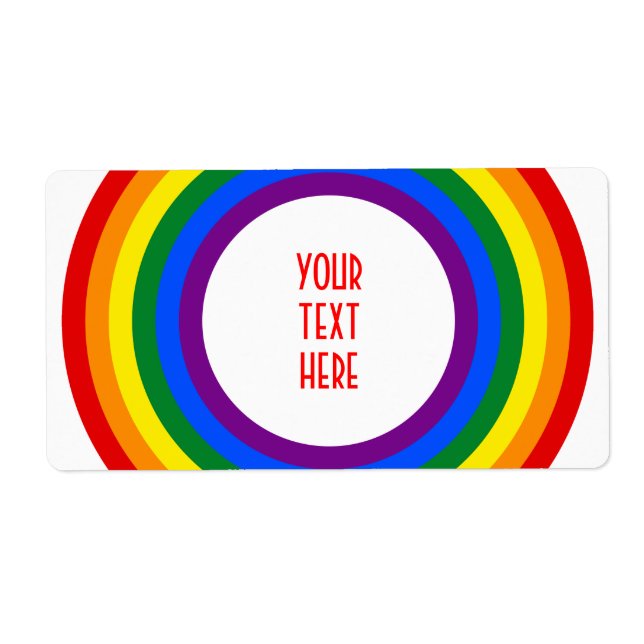 KLICKA PÅ RAINBOW FLAGGA + tecken eller text Fraktsedel (Framsidan)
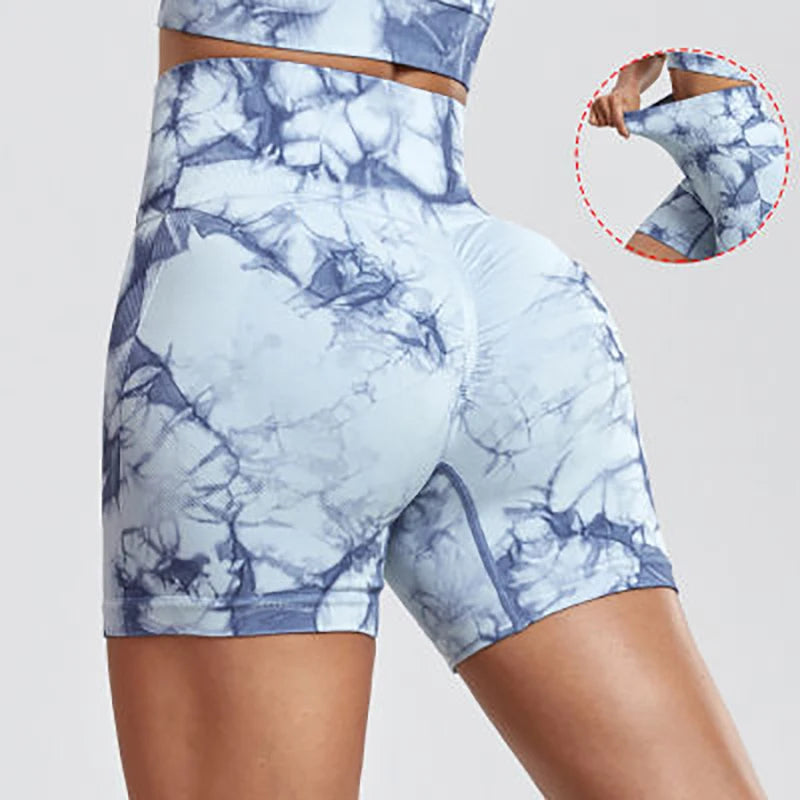Sexy High Waisted Women's Gym Shorts Summer Sports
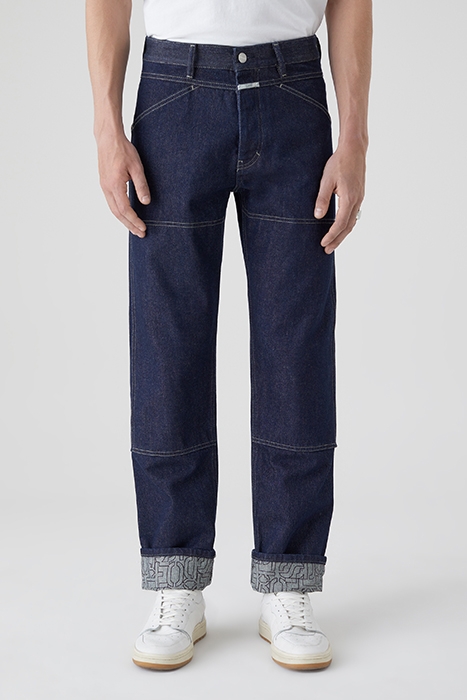 X-WORKS STRAIGHT JEANS DARK BLUE 1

Your assignment: Transcribe the listing in full. Omit the pictures and keep every line exact.

Solution:
 KLICKA PÅ RAINBOW FLAGGA + tecken eller text Fraktsedel (Framsidan)
Sexy High Waisted Women's Gym Shorts Summer Sports
 X-WORKS STRAIGHT JEANS DARK BLUE 1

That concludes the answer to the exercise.